Dr. James Moises, a former Charity emergency room doctor who helped clean the hospital after Katrina, said Charity was made usable, and the medical staff was eager to see it back in use.

Moises said state officials used Katrina as an excuse to close Charity and ask FEMA for the money to build a new medical complex. Moises said: "It was their orchestrated plan. It was, 'How can we manipulate the disaster for institutional gains?'"
DAT'S LOOSIANA for you! Some of us were loathe to believe that our home state's pols, apparatchiks and business leaders could be that crooked in the wake of its greatest disaster ever.

Stupidly, we thought Charity really had been ruined, and that reopening it wasn't an option.

Naively, we thought that even Louisiana could resist using unspeakable tragedy as just another excuse for a shakedown -- an opportunity to trick unsuspecting American taxpayers into building geegaws to adorn its politicians' résumés.

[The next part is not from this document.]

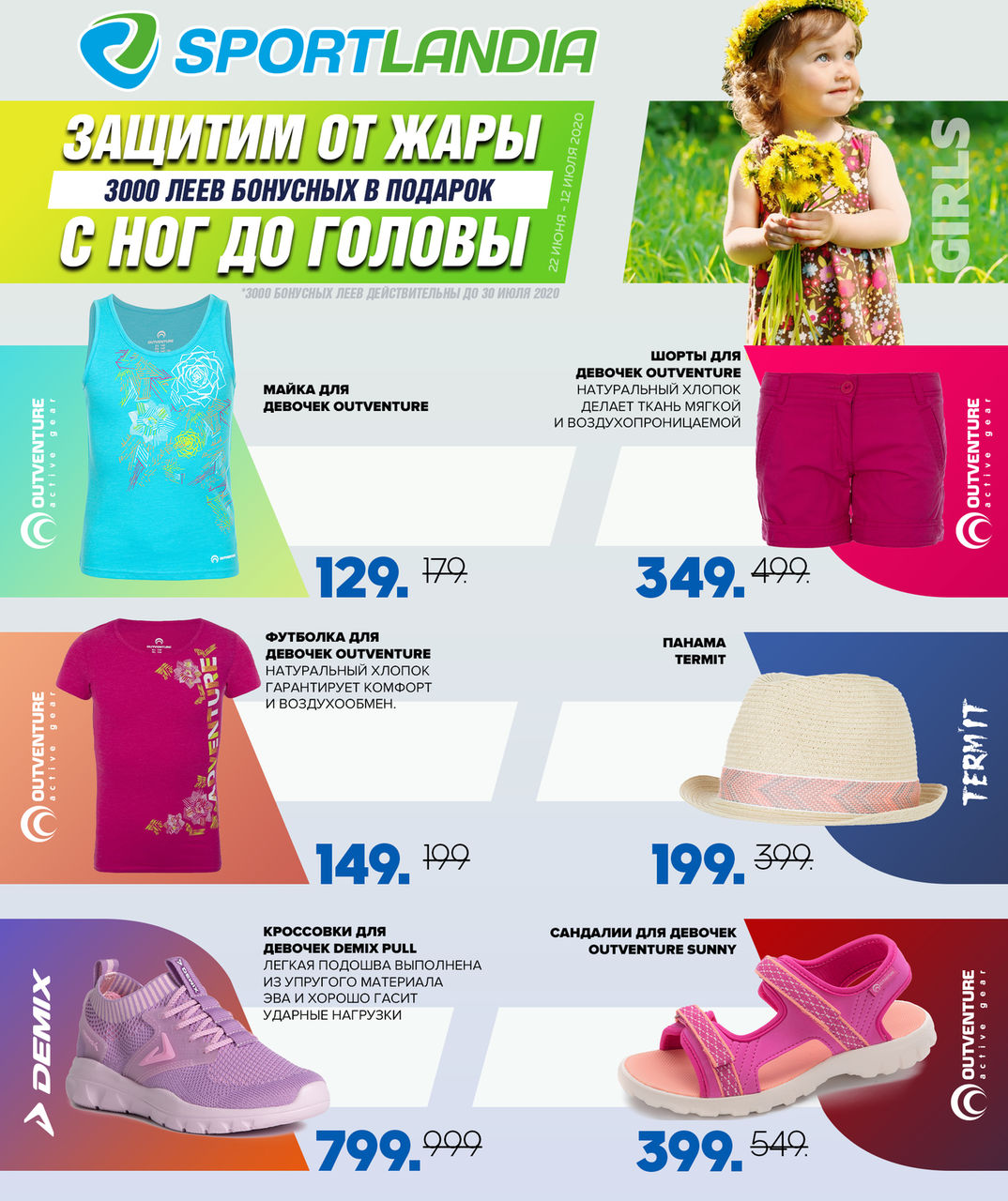 Sportlandia: одежда и обувь, которая спасает от жары ®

We thought it was only right that the federal government rebuild what its flood-control negligence destroyed. And, indeed, the Army fixed Charity Hospital within a month.

It was good to go.

But that wasn't good enough for some in the Gret Stet. And officials were perfectly willing to let hapless New Orleanians die rather than go back what they had no problem using previously.

AND NOW Louisiana's new reform governor, Bobby Jindal, is happy to flim-flam the feds in the same manner as the unreformed Blanco.

In the face of state pols and hospital officials so vile -- a state so corrupted that it sacrifices its poor upon the altar of Greed as it seeks to pocket money from the collection plate -- the question suddenly isn't "How much do we pay Louisiana over Charity Hospital?"

Instead, the question Barack Obama and FEMA ought to be asking themselves is "What would Putin do?"